The accounts of travellers, immigrants and visitors to America resonated in the visual arts and visual culture of the Czech lands in the context of the late Habsburg dual empire, as they did throughout Central Europe. Records from the first journeys, encounters with the native nations and imports of artefacts related to their culture aroused interest with their novel visuality. Alongside enthusiasm and admiration for the newly discovered lands, a critical view of social reality and living conditions, as well as of colonial relations, was gradually taking shape, as elsewhere in Europe. Thus, the visualisation of the idealised and disappearing world of the ‘Indians’, accompanied by presentations of ethnographic artefacts or even the native people themselves, acquired an air of melancholy. This was sharply juxtaposed with the fascination with modern lifestyle, democratic institutions and the technological advances of white American civilization, which took on a completely different visual form.

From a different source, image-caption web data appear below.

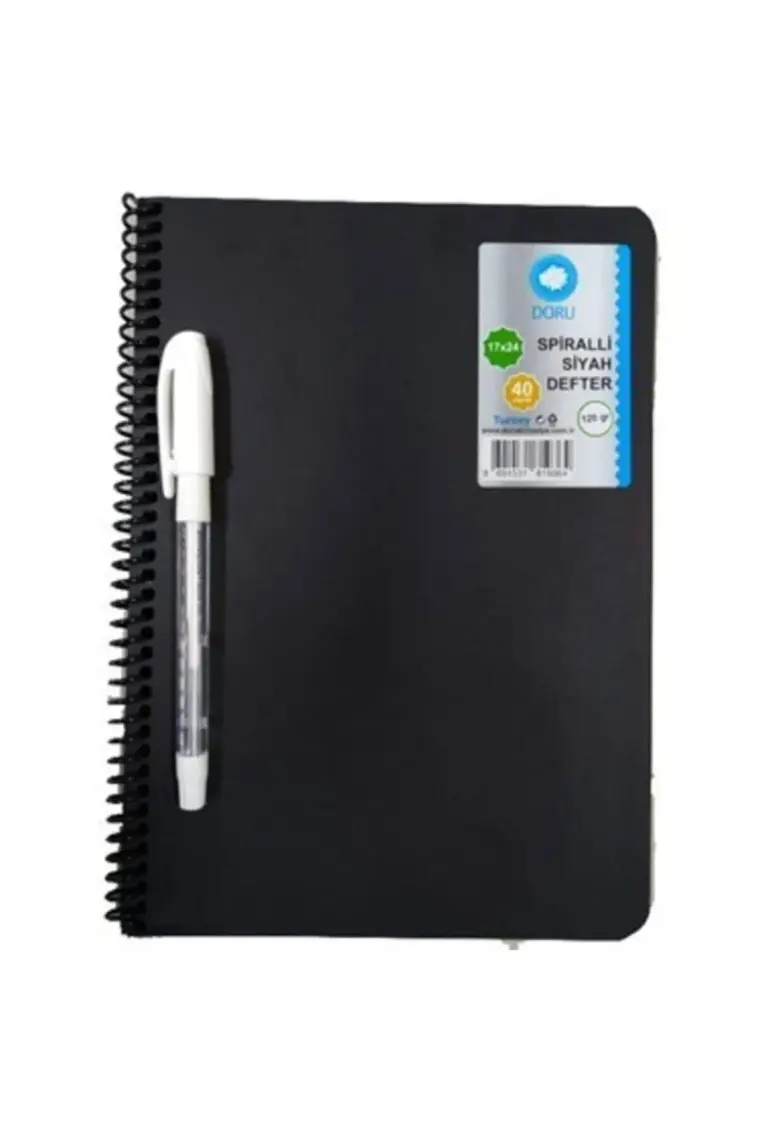 Doru 40 Sayfa Siyah Defter ve Beyaz Kalem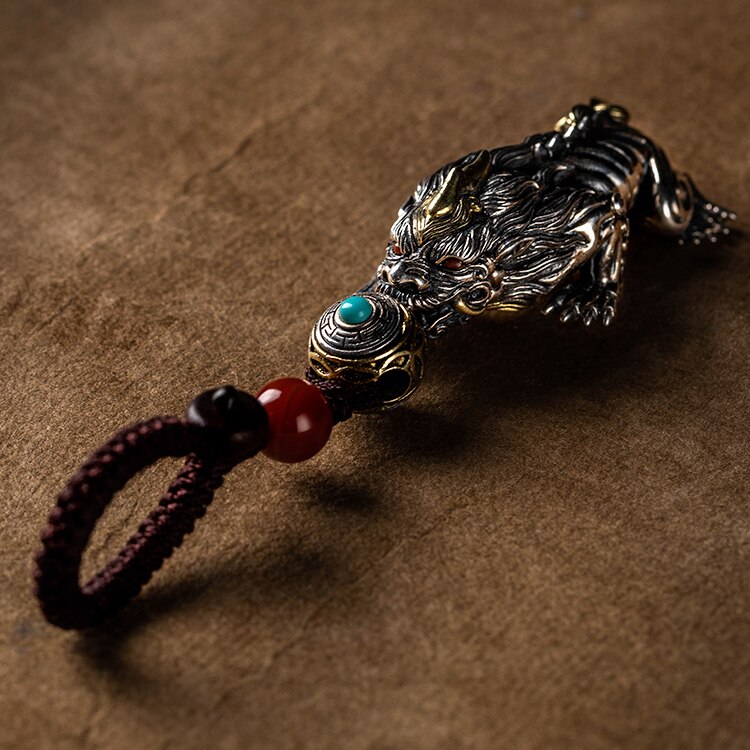 Oriental Kingdom's Pixiu Keychain Men's Car Retro Key Pendant Women's Good Luck High-end Accessories for Father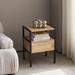 Rattan Nightstand with drawer and metal legs,End table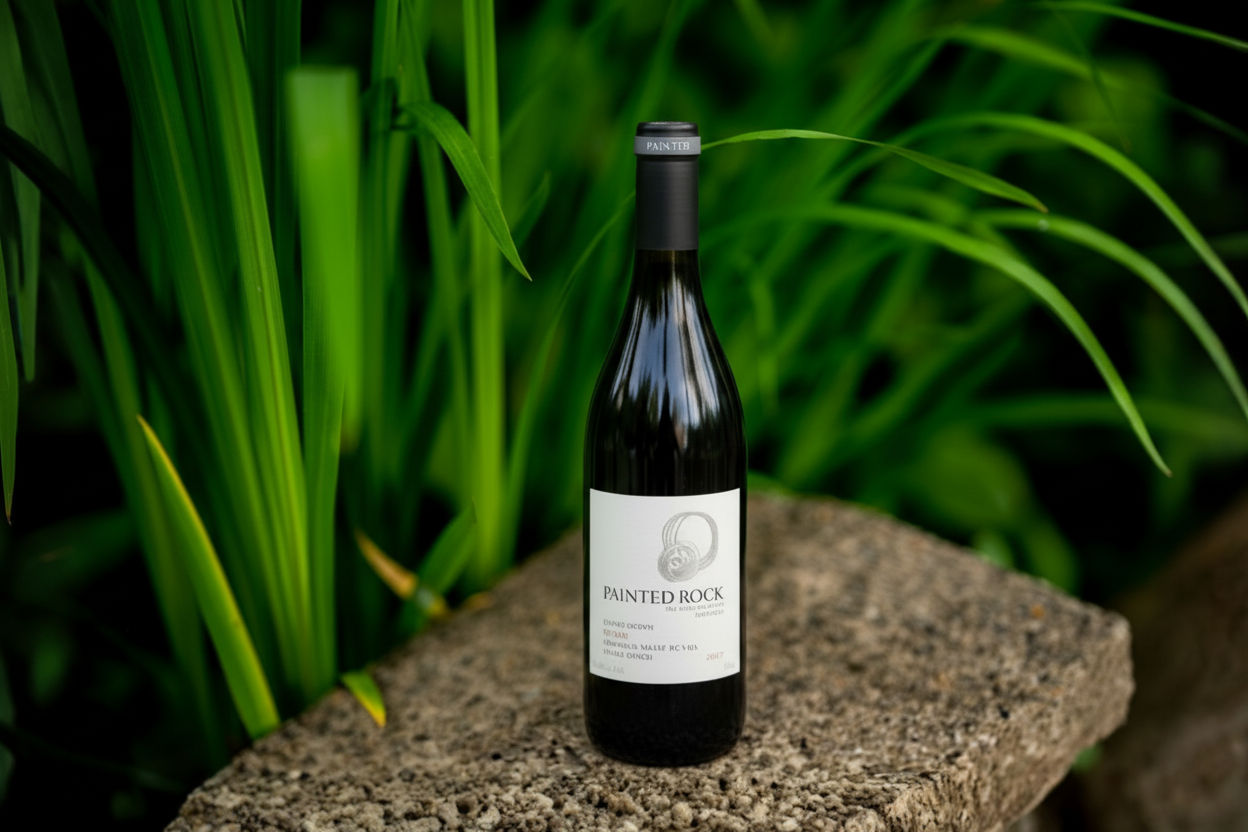 A bottle of Painted Rock Syrah with long blades or deep rich grass in the background.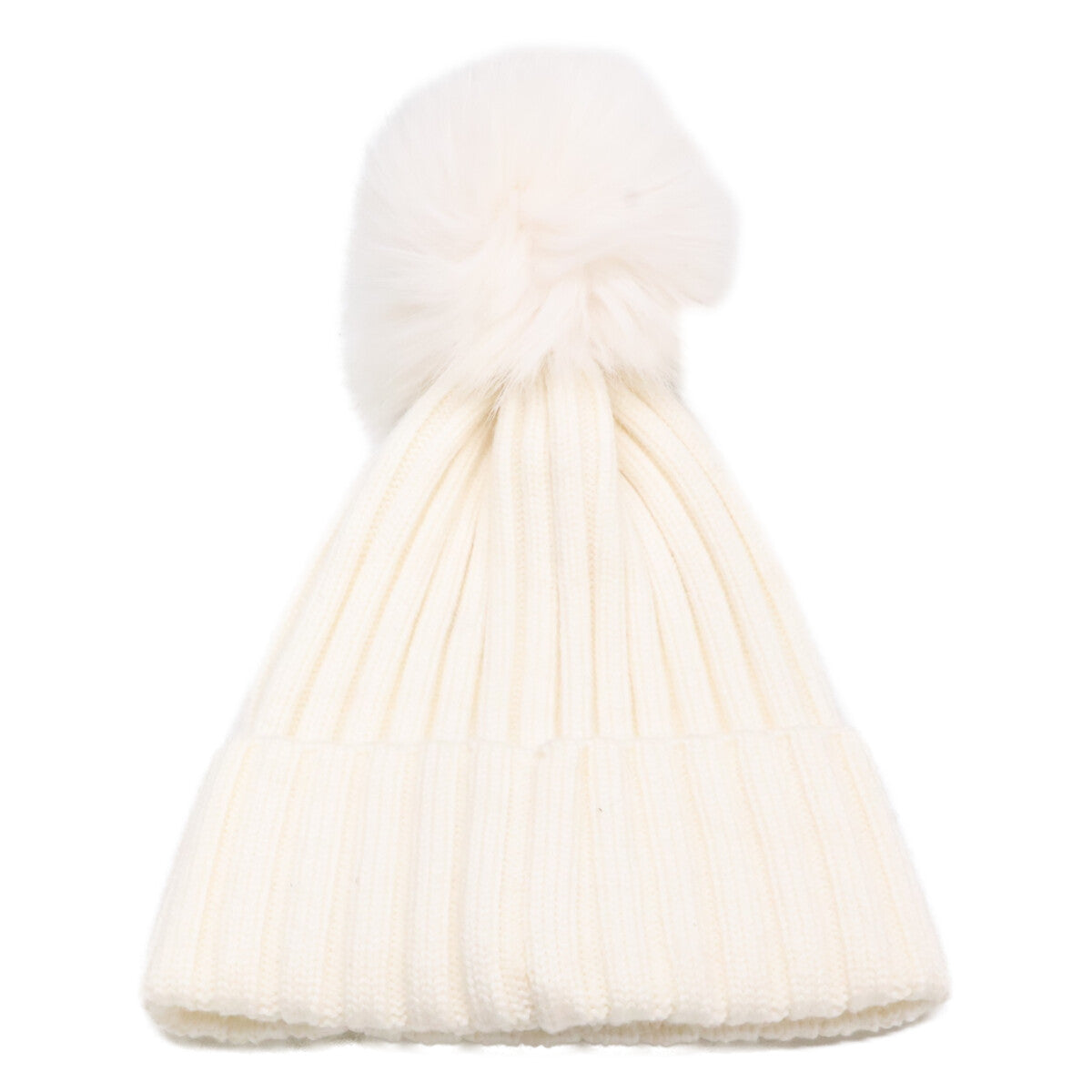 MONCLER Wool Logo Patch Pom-pom Knit Hat White Size ONE SIZE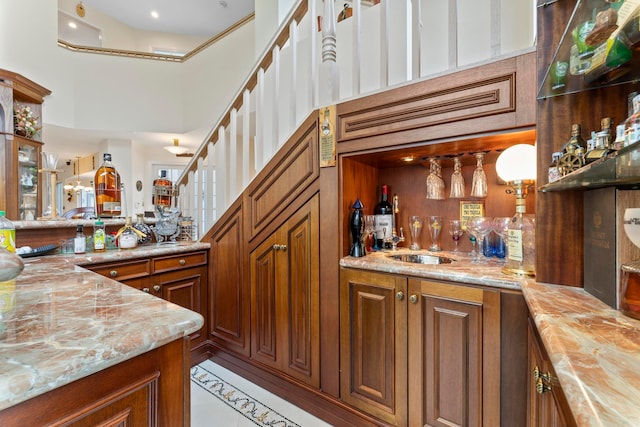 bar with wood counters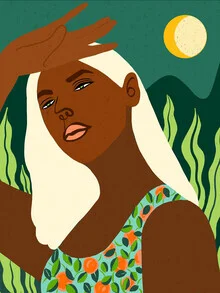 Bunte Illustration von Uma Gokhale: tropische Frau unter Mondphasen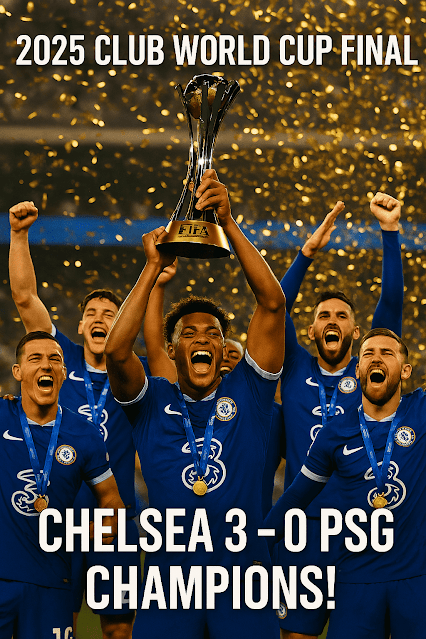 Chelsea players lift 2025 FIFA Club World Cup trophy after 3-0 win over PSG at MetLife Stadium.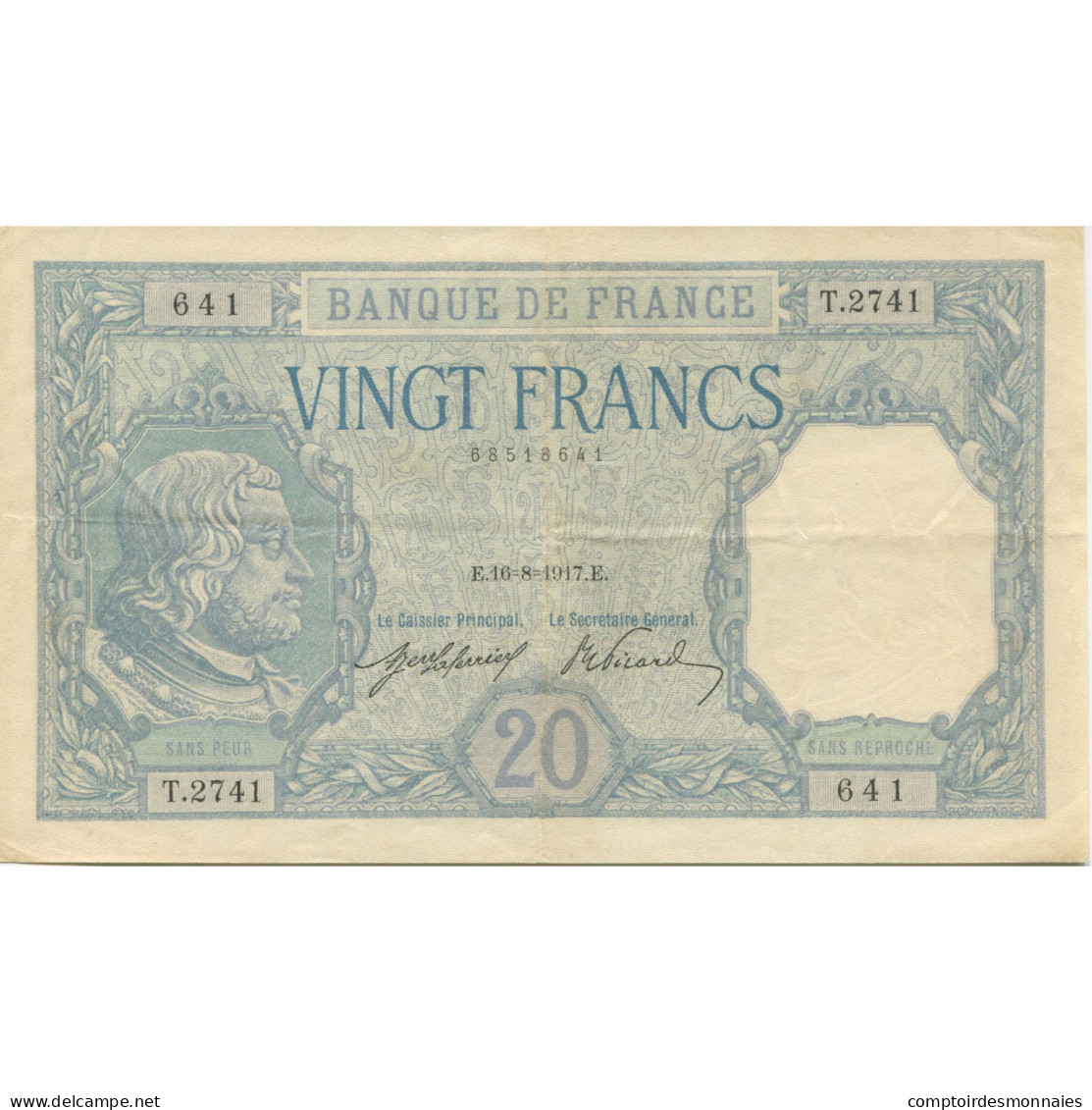 France, 20 Francs, Bayard, 1917, 1917-8-16, SUP, Fayette:11.02, KM:74 - 20 F 1916-1919 ''Bayard''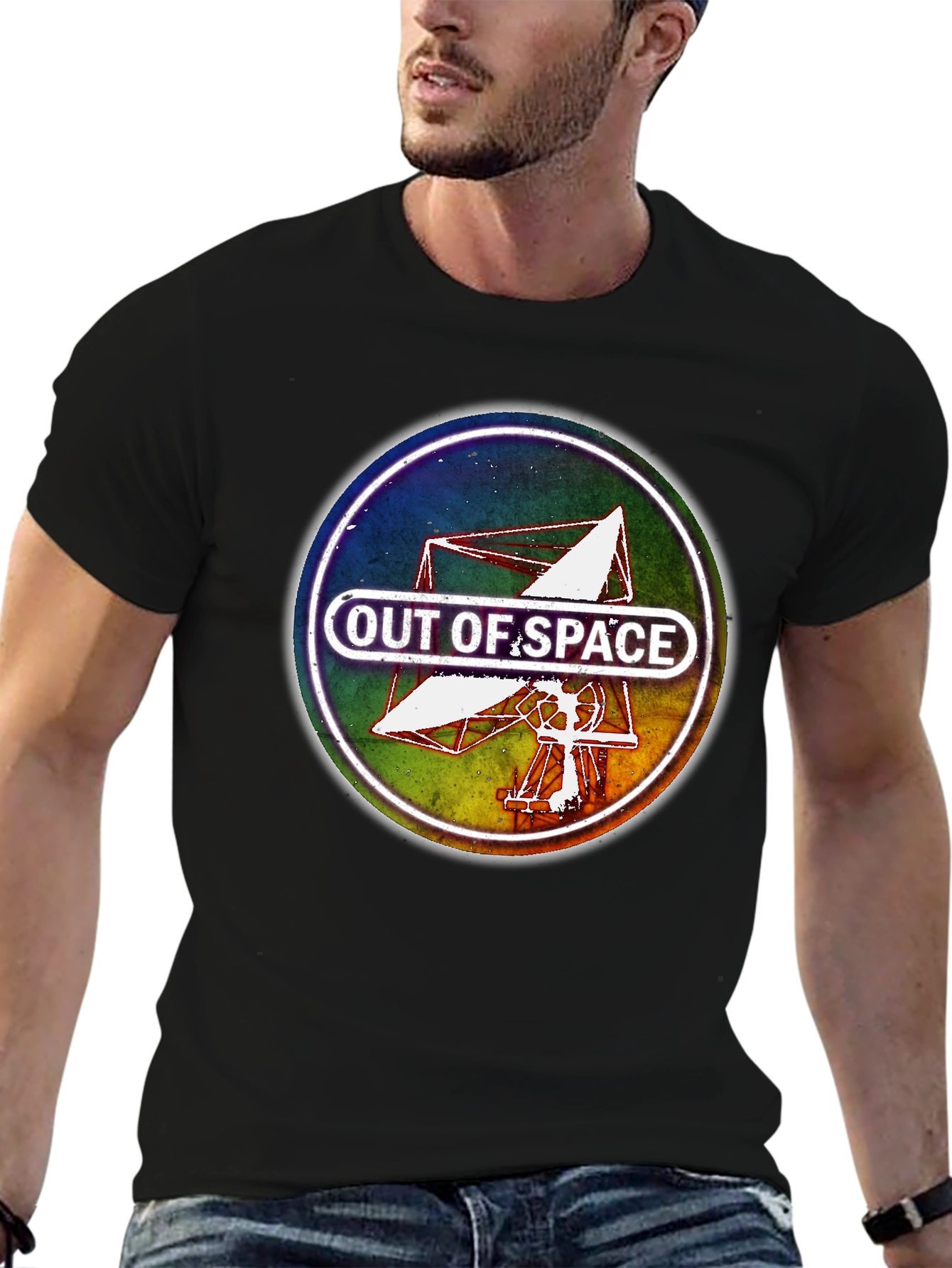 Out of Space Graphic Tee - Black Cotton Blend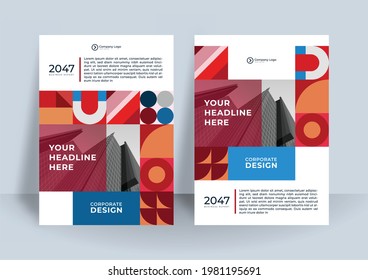 Blue and red color scheme with geometric background business Book cover design template in A4. Can be use for brochure, annual report, poster, corporate presentation, portfolio, flier, banner, website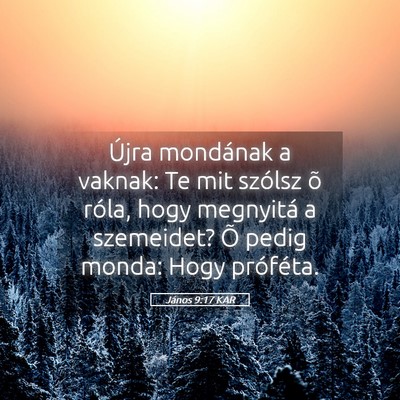 Picture 05 - János 9:17 KAR - Újra mondának a vaknak: Te mit szólsz õ - Bible Verse Picture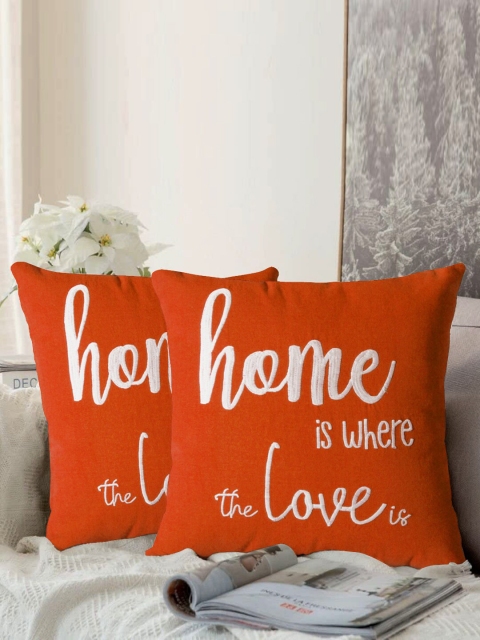 

LUXENMEAD Rust Set of 2 Embroidered Square Cushion Covers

The exhibition will present this dual perspective on North and South America in Central Europe. The exhibits will encompass a diverse array of artistic media, including painting, prints, drawing, and sculpture, as well as posters, books, illustrated journals, popular imagery, and photographs. Additionally, the exhibition will feature a selection of ethnographic artefacts collected and imported by travellers. In addition to works by prominent Czech artists such as Mikoláš Aleš, Alfons Mucha and František Kupka, the exhibition will also feature objects from the collections of notable collectors such as Vojta Náprstek, Klementina Kalašová and Enrique Stanko Vráz. Furthermore, it will include lesser-known works from Czech and German collections.